João Guilherme de Ávila Costa (São Paulo, February 1, 2002) is a Brazilian actor and singer. He rose to national fame for playing Joaquim, one of the protagonists in the children's telenovela remake Cúmplices de um Resgate, and later Luca Tuber in As Aventuras de Poliana.

== Career ==
João Guilherme began his acting career in 2009 at the age of seven, playing Vinícius in the short film Vento, alongside Vivianne Pasmanter. In 2012, he starred in the film Meu Pé de Laranja Lima, portraying Zezé in an adaptation of the classic novel by José Mauro de Vasconcelos.

João Guilherme launched his music career while playing Joaquim in Cúmplices de um Resgate. In 2015, he released his first song, "Princesa", which, along with "Tudo É Você", was part of the telenovela's soundtrack.

In 2015, he appeared in the film Entrando uma Roubada. That same year, he gained prominence on television by debuting as Joaquim in Cúmplices de um Resgate.

In August 2016, he released his first album, Meu Caminho, featuring ten original tracks. With new songs, a full band, and a larger production, he launched the Mega Tour JG. That Christmas, he released a holiday music video titled "My Order".
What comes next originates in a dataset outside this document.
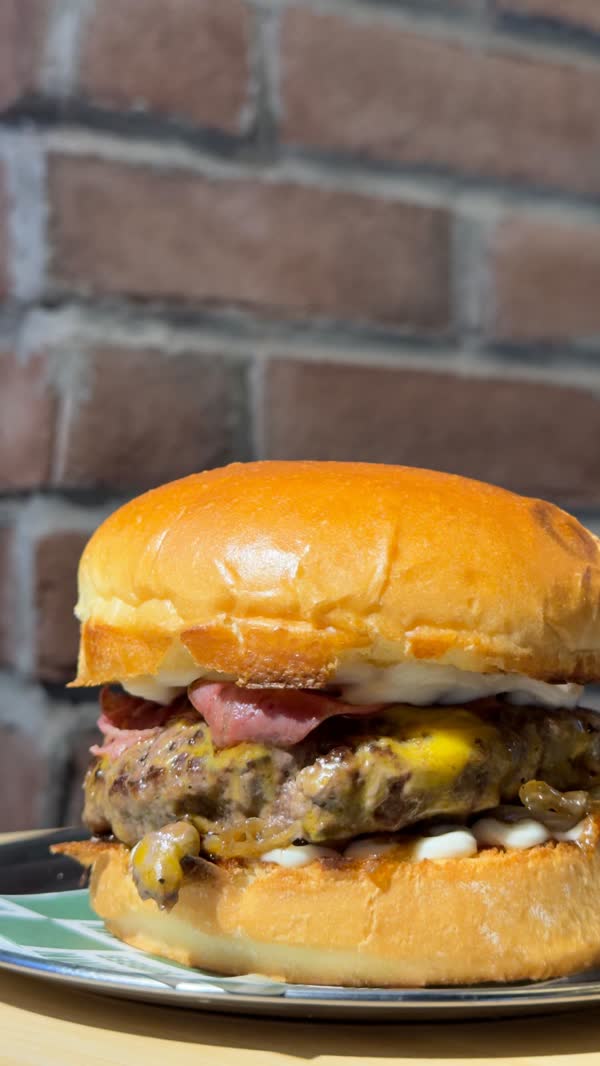 Tuğla duvar önünde pastırmalı burger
In 2017, he released a new EP with four songs titled João Guilherme, Vol II. That same year, he voiced Rony in the third installment of the animated film franchise O Reino Gelado. Later in 2017, he played Nando in the film Fala Sério, Mãe!, an adaptation of Thalita Rebouças' novel.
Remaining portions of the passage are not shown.